The reason this reminds me of the gospel lesson is that we have been talking about Jesus being the living bread that came down from heaven for 3 weeks now. We have been playing the same headline news again and again. You may wonder why the lectionary has this discourse go on over three weeks’ time. I think the rationale is that the dialogue between Jesus and the crowd gets more and more heated and people are getting angrier and angrier. Jesus, instead of calming them down, he ratchets up the situation.
Our reading starts with Jesus saying, “I am the living bread that came down from heaven. Whoever eats of this bread will live forever; and the bread that I will give for the life of the world is my flesh.
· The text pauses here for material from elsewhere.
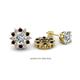 1 - Florice Round Red Garnet and Diamond Flower Jacket Earrings 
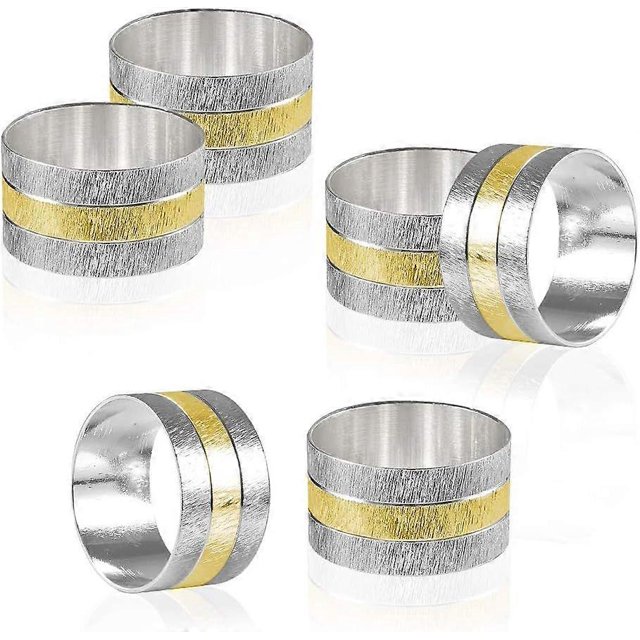 Set of 6 Elegant Metal Buckles Decorative Napkin Ring for Dining Table Parties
Notice the Jews do not answer Jesus—they start arguing with each other. Apparently they are discussing exactly what they think Jesus means. Try to put yourself back in their sandals. These are people who have been following this amazing miracle worker and profound teacher around. They were with him when he taught them for hours just yesterday and then in the early evening he fed them with the 5 loaves and fishes. Jesus uses parables and is sometimes hard to understand. He has just told them they need to eat his flesh. They do get that he is not promoting cannibalism. So what does he mean? And it is about that they are arguing.
Then Jesus steps into their discussion and says, “Very truly, I tell you, unless you eat the flesh of the Son of Man and drink his blood, you have no life in you. Those who eat my flesh and drink my blood have eternal life, and I will raise them up on the last day; for my flesh is true food and my blood is true drink. Those who eat my flesh and drink my blood abide in me, and I in them.”
Do you see the difference? Now it is not simply eat the flesh of the Son of Man. Now is not only eating this bread that came down from heaven, i.e. himself, now he adds that one must drink his blood! He was shocking before, but now he is appalling. For the Jew even the blood of animals is abhorrent but Jesus now is talking about human blood. And he is saying that one must, must drink his blood and eat his flesh in order to have eternal life.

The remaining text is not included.